■ **TASK ITEM**
From the entries below, return exactly the lines beginning at the one that contains "Souprava mikina + tepláky svět, lupilu,62" and ending at the one that contains "없는 주택 거래 시스템?", both of them included, and only those lines.

____

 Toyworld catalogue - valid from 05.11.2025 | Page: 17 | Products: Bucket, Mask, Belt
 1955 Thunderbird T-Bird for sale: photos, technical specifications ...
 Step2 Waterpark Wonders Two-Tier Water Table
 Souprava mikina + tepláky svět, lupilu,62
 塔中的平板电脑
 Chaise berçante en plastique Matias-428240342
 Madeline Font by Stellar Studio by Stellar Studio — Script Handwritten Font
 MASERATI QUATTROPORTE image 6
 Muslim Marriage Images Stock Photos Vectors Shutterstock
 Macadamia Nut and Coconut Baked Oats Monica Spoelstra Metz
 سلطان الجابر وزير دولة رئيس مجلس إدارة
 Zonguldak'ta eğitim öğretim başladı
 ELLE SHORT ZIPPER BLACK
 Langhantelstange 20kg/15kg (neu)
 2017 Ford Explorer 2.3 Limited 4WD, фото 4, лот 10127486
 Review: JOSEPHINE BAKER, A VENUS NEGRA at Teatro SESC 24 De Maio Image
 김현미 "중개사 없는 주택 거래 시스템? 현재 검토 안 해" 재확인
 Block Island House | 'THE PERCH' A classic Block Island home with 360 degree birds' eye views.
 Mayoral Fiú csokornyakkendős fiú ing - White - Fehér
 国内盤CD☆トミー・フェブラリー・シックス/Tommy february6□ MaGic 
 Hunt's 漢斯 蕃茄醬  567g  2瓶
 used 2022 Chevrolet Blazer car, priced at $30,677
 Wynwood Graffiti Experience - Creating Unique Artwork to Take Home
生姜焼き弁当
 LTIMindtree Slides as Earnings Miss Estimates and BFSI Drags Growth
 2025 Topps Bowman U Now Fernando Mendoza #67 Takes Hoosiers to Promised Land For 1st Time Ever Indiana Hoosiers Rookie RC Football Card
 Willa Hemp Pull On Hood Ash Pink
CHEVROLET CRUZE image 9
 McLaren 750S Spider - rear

____

■ **ANSWER BOX**
 Souprava mikina + tepláky svět, lupilu,62
 塔中的平板电脑
 Chaise berçante en plastique Matias-428240342
 Madeline Font by Stellar Studio by Stellar Studio — Script Handwritten Font
 MASERATI QUATTROPORTE image 6
 Muslim Marriage Images Stock Photos Vectors Shutterstock
 Macadamia Nut and Coconut Baked Oats Monica Spoelstra Metz
 سلطان الجابر وزير دولة رئيس مجلس إدارة
 Zonguldak'ta eğitim öğretim başladı
 ELLE SHORT ZIPPER BLACK
 Langhantelstange 20kg/15kg (neu)
 2017 Ford Explorer 2.3 Limited 4WD, фото 4, лот 10127486
 Review: JOSEPHINE BAKER, A VENUS NEGRA at Teatro SESC 24 De Maio Image
 김현미 "중개사 없는 주택 거래 시스템? 현재 검토 안 해" 재확인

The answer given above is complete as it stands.